# [Problem]
Write out, word for word, every line in the data below from the one containing "Double Layer Heart" to the one containing "Jinyi 4-Light Vintage/Industrial/Farmhose", both of them included.

# [Records supplied]
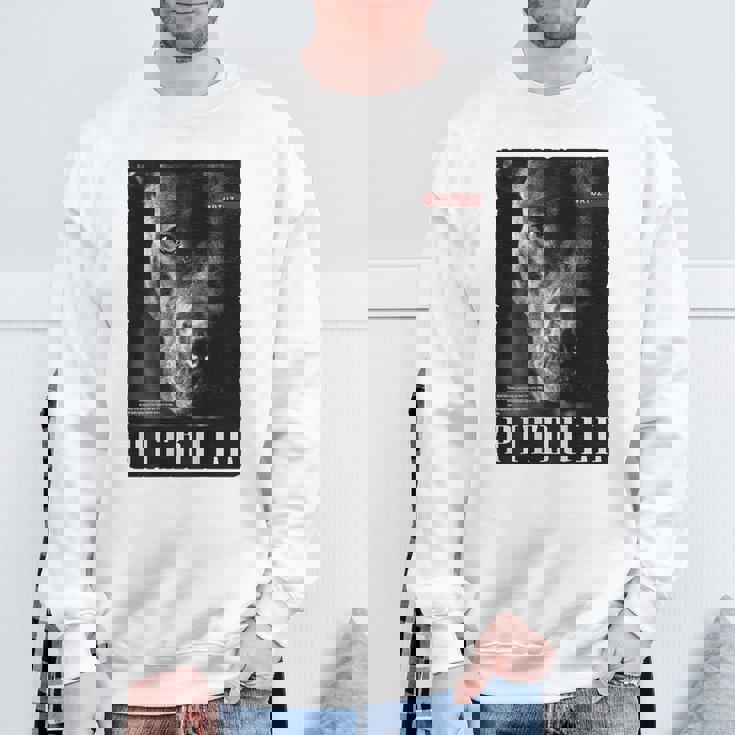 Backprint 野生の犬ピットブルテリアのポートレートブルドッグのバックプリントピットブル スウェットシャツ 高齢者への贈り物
--
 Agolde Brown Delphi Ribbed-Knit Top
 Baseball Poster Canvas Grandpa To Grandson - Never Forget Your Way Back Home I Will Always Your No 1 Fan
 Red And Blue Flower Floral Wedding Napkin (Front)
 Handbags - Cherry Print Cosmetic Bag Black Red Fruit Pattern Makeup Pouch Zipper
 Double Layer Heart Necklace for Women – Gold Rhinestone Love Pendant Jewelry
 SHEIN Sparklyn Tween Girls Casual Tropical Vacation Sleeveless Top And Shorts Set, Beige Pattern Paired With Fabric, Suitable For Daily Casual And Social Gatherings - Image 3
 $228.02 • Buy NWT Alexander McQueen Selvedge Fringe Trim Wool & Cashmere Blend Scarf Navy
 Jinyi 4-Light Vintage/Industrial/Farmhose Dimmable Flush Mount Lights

# [Answer to the problem]
 Double Layer Heart Necklace for Women – Gold Rhinestone Love Pendant Jewelry
 SHEIN Sparklyn Tween Girls Casual Tropical Vacation Sleeveless Top And Shorts Set, Beige Pattern Paired With Fabric, Suitable For Daily Casual And Social Gatherings - Image 3
 $228.02 • Buy NWT Alexander McQueen Selvedge Fringe Trim Wool & Cashmere Blend Scarf Navy
 Jinyi 4-Light Vintage/Industrial/Farmhose Dimmable Flush Mount Lights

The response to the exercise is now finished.